Regia e sceneggiatura: Aki Kaurismäki. Scenografia: Wouter Zoon. Montaggio: Timo Linnasalo. Fotografia: Timo Salminen. Costumi: Fred Cambier.
Interpreti: Jean-Pierre Léaud, Kati Outinen, Jean-Pierre Darroussin, André Wilms, Elina Salo, Evelyne Didi, Biondin Miguel. Produttore: Aki Kaurismäki, Fabienne Vonier, Reinhard Brundig.
Distribuzione: BIM.
Origine: Francia, Germania, Finlandia, 2011.
Durata: 103’.
Marcel Marx, un lustrascarpe a Le Havre, in Normandia. Un ragazzino, Idrissa, arrivato in Francia clandestino in un container, proveniente dal Gabon, che vuole raggiungere la madre a Londra. Una moglie amata, Arletty, che si scoprirà gravemente malata e verrà ricoverata in ospedale. Una cagnolina, Laika. Un quartiere proletario - tra cui spiccano un fruttivendolo, una panettiera, una barista - unito attorno a Marcel, che vuole aiutare il ragazzo, braccato dalla polizia di frontiera, nonostante la mancanza di soldi e le preoccupazioni personali. Più un commissario di polizia disincantato, dall’apparenza cinica, disposto a seguire le ragioni del cuore.

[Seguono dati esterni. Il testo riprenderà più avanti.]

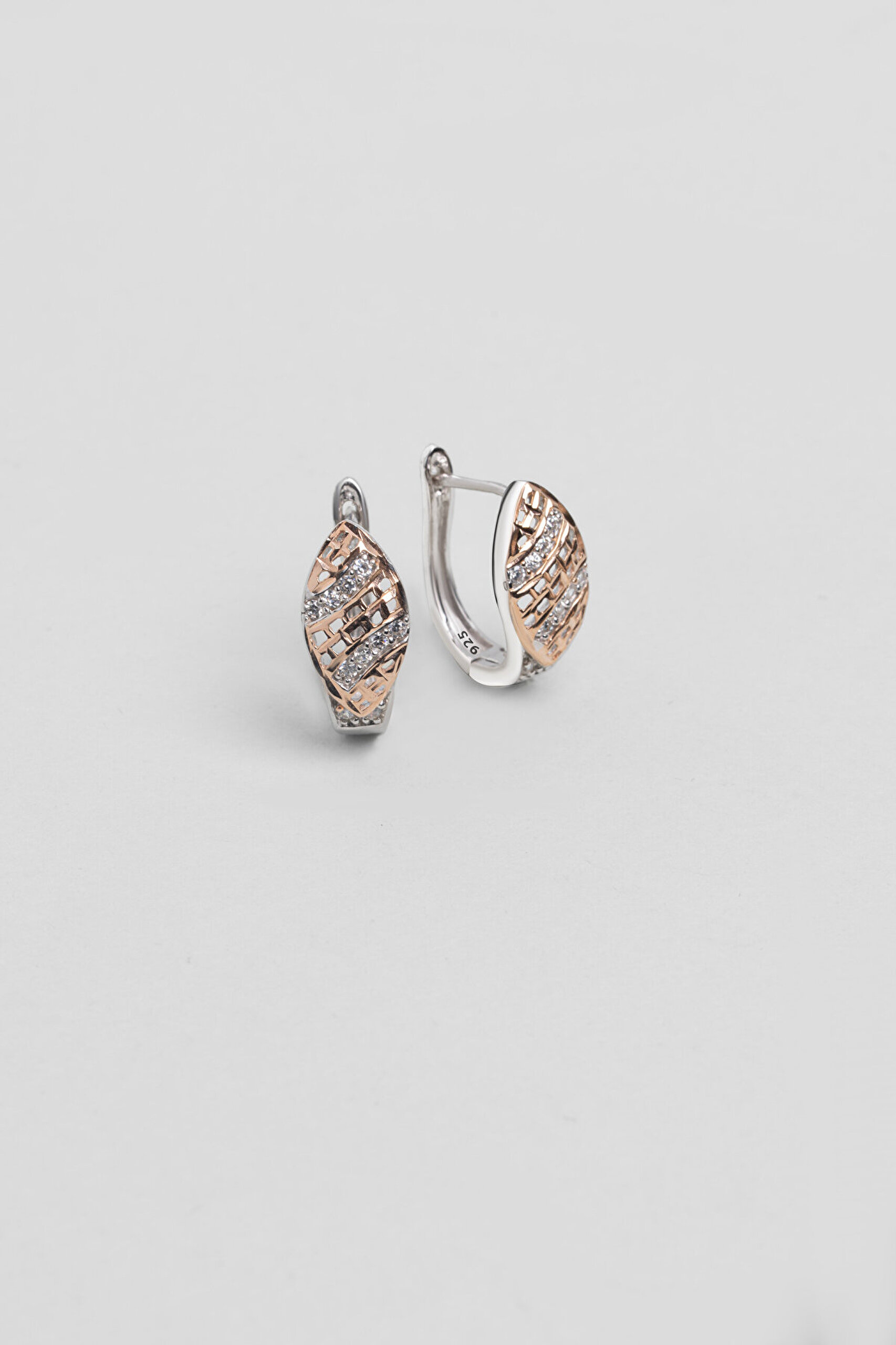 Zamansız Tasarım 18 Ayar Rose ve Beyaz Altın Kaplama Gümüş Küpe - 0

Il finlandese Aki Kaurismäki compie un piccolo miracolo: in trasferta in Francia, con un cast di volti noti della cinematografia francese (maschere da polar quali Jean-Pierre Léaud, Jean-Pierre Darroussin, André Wilms), imbastisce una fiaba moderna, con un vago sapore retrò che non guasta, a insaporire e a colorare lo squallore e l’indifferenza dell’oggi.
Kaurismäki non rinuncia affatto ai suoi temi cari: il mondo che rappresenta è quello del proletariato - il protagonista, Marcel, lucida le scarpe, è al verde e pieno di debiti, non disdegna la bottiglia e rimpiange un tempo in cui fu bohémien a Parigi - in cui pare non possa accadere nulla di buono e in cui il destino sembra già segnato. Una fotografia mozzafiato, di Timo Salminen, satura di colore, dal gusto surreale e antico, una maniacale cura per i dettagli, un’ironia di superficie che nasconde una desolazione e una malinconia profonde, una stanchezza del vivere, si aprono verso una prospettiva più ottimista, in cui Kaurismäki stempera la sua vena struggente e di denuncia sociale alla possibilità. Di vita, di fare del bene, di riscatto, di speranza.
In un mondo in cui prevale l’indifferenza e in cui i messaggi sono di quotidiano allarme, sapere che qualcuno pensa, senza lacrime e facile romanticismo, che si possa cambiare un destino è già molto.